Task instructions: Verbatim output required. Print the data in full.

Supplied material:
● ● ● ●
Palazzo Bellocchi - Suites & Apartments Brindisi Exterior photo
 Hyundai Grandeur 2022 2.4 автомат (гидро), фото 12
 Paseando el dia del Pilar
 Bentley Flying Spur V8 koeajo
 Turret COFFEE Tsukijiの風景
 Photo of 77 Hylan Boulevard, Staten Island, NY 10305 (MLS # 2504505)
● ● ● ●
Answer to this exercise:
Palazzo Bellocchi - Suites & Apartments Brindisi Exterior photo
 Hyundai Grandeur 2022 2.4 автомат (гидро), фото 12
 Paseando el dia del Pilar
 Bentley Flying Spur V8 koeajo
 Turret COFFEE Tsukijiの風景
 Photo of 77 Hylan Boulevard, Staten Island, NY 10305 (MLS # 2504505)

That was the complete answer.